AIM OF THE TASK: The entries below contain a stretch that opens with the line containing "Roulé d’Œufs aux" and closes with the line containing "VALENTINE Little Boy"; set down that stretch exactly, both ends included, and nothing else.

[Brief descriptive captions]
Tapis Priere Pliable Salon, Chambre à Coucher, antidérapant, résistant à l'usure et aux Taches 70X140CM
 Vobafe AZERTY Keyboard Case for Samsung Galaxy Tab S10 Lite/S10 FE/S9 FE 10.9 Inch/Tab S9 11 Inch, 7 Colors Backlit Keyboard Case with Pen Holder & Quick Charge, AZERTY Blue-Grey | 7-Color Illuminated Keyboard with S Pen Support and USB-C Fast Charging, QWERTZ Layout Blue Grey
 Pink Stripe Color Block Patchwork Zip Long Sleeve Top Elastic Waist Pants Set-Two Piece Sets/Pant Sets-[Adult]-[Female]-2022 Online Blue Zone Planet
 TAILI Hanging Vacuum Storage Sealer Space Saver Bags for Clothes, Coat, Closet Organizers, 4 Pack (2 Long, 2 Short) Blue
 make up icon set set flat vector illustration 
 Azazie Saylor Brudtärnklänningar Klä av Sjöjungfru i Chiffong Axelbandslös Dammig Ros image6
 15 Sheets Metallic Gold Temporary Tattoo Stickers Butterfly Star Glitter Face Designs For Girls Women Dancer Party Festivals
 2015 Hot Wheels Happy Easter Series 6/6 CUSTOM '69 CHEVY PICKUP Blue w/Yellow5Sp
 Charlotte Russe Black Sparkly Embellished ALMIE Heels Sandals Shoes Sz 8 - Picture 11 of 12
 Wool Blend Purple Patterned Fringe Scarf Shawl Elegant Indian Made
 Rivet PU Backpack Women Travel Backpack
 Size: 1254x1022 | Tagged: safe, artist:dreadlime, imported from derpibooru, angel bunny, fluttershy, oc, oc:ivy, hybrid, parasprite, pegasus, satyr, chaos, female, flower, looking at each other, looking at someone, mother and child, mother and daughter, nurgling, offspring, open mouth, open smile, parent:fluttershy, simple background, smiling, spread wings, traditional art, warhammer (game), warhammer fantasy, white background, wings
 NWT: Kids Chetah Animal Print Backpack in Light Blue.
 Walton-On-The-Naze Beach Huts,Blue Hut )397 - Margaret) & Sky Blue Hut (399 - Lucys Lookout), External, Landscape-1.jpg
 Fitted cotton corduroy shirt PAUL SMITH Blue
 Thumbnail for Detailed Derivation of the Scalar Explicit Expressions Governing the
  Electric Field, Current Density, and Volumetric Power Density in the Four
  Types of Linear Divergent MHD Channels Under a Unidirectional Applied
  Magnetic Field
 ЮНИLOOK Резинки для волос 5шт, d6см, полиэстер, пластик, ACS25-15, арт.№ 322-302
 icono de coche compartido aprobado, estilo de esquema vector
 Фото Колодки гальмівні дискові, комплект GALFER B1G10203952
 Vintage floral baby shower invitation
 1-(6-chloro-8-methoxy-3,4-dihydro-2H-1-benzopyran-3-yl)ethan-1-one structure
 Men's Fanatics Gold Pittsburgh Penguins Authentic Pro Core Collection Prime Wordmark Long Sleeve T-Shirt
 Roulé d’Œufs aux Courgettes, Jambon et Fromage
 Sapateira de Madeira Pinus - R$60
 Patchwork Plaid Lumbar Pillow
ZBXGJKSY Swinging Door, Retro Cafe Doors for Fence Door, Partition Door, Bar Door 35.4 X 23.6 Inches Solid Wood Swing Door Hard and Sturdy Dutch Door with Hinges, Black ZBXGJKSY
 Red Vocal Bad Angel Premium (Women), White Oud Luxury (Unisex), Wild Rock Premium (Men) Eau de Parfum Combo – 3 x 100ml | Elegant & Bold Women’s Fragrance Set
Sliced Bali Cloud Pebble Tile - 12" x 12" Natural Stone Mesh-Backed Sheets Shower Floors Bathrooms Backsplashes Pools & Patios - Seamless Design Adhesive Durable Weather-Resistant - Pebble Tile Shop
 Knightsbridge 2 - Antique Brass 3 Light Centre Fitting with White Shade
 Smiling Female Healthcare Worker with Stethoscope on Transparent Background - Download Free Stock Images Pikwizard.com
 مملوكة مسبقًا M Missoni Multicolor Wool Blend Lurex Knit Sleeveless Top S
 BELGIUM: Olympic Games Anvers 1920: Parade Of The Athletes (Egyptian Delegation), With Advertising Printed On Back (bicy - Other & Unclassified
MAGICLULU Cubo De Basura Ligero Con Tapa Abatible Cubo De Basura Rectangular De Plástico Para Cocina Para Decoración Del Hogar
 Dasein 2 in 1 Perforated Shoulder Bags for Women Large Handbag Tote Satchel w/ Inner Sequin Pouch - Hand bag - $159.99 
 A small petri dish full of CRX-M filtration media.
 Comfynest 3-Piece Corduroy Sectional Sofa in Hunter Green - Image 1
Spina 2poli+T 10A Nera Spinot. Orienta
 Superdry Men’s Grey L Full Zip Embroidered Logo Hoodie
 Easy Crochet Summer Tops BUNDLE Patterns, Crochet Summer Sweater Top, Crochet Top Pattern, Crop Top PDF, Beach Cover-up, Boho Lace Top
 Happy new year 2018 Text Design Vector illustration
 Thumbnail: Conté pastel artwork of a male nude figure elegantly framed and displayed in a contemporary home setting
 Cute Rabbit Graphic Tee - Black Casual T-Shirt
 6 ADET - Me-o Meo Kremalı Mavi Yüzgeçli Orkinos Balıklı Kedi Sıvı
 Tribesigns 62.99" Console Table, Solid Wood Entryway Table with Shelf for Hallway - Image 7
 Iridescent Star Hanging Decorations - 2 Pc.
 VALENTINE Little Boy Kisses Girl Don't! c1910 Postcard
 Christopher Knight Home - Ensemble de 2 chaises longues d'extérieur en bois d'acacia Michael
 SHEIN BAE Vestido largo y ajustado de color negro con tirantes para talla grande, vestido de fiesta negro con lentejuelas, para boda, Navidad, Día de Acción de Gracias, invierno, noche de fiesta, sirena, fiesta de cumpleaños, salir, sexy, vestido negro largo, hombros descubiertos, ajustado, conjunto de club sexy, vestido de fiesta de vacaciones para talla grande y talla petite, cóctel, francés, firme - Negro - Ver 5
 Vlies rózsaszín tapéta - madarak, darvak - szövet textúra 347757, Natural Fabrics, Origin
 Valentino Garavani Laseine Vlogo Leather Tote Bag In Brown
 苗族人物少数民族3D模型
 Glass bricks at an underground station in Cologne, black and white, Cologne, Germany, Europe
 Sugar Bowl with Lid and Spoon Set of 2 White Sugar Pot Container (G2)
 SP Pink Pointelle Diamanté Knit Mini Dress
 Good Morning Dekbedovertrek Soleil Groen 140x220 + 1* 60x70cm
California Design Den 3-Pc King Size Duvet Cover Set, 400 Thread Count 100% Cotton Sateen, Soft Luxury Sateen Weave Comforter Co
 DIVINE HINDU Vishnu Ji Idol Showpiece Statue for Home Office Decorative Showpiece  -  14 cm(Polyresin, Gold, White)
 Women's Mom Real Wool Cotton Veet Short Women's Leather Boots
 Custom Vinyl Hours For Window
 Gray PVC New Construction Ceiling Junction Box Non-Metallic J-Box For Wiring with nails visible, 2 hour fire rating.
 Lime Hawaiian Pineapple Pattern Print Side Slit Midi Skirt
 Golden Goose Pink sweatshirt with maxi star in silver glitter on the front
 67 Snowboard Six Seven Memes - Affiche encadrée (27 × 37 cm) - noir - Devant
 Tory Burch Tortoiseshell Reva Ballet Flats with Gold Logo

RESPONSE AREA:
 Roulé d’Œufs aux Courgettes, Jambon et Fromage
 Sapateira de Madeira Pinus - R$60
 Patchwork Plaid Lumbar Pillow
ZBXGJKSY Swinging Door, Retro Cafe Doors for Fence Door, Partition Door, Bar Door 35.4 X 23.6 Inches Solid Wood Swing Door Hard and Sturdy Dutch Door with Hinges, Black ZBXGJKSY
 Red Vocal Bad Angel Premium (Women), White Oud Luxury (Unisex), Wild Rock Premium (Men) Eau de Parfum Combo – 3 x 100ml | Elegant & Bold Women’s Fragrance Set
Sliced Bali Cloud Pebble Tile - 12" x 12" Natural Stone Mesh-Backed Sheets Shower Floors Bathrooms Backsplashes Pools & Patios - Seamless Design Adhesive Durable Weather-Resistant - Pebble Tile Shop
 Knightsbridge 2 - Antique Brass 3 Light Centre Fitting with White Shade
 Smiling Female Healthcare Worker with Stethoscope on Transparent Background - Download Free Stock Images Pikwizard.com
 مملوكة مسبقًا M Missoni Multicolor Wool Blend Lurex Knit Sleeveless Top S
 BELGIUM: Olympic Games Anvers 1920: Parade Of The Athletes (Egyptian Delegation), With Advertising Printed On Back (bicy - Other & Unclassified
MAGICLULU Cubo De Basura Ligero Con Tapa Abatible Cubo De Basura Rectangular De Plástico Para Cocina Para Decoración Del Hogar
 Dasein 2 in 1 Perforated Shoulder Bags for Women Large Handbag Tote Satchel w/ Inner Sequin Pouch - Hand bag - $159.99 
 A small petri dish full of CRX-M filtration media.
 Comfynest 3-Piece Corduroy Sectional Sofa in Hunter Green - Image 1
Spina 2poli+T 10A Nera Spinot. Orienta
 Superdry Men’s Grey L Full Zip Embroidered Logo Hoodie
 Easy Crochet Summer Tops BUNDLE Patterns, Crochet Summer Sweater Top, Crochet Top Pattern, Crop Top PDF, Beach Cover-up, Boho Lace Top
 Happy new year 2018 Text Design Vector illustration
 Thumbnail: Conté pastel artwork of a male nude figure elegantly framed and displayed in a contemporary home setting
 Cute Rabbit Graphic Tee - Black Casual T-Shirt
 6 ADET - Me-o Meo Kremalı Mavi Yüzgeçli Orkinos Balıklı Kedi Sıvı
 Tribesigns 62.99" Console Table, Solid Wood Entryway Table with Shelf for Hallway - Image 7
 Iridescent Star Hanging Decorations - 2 Pc.
 VALENTINE Little Boy Kisses Girl Don't! c1910 Postcard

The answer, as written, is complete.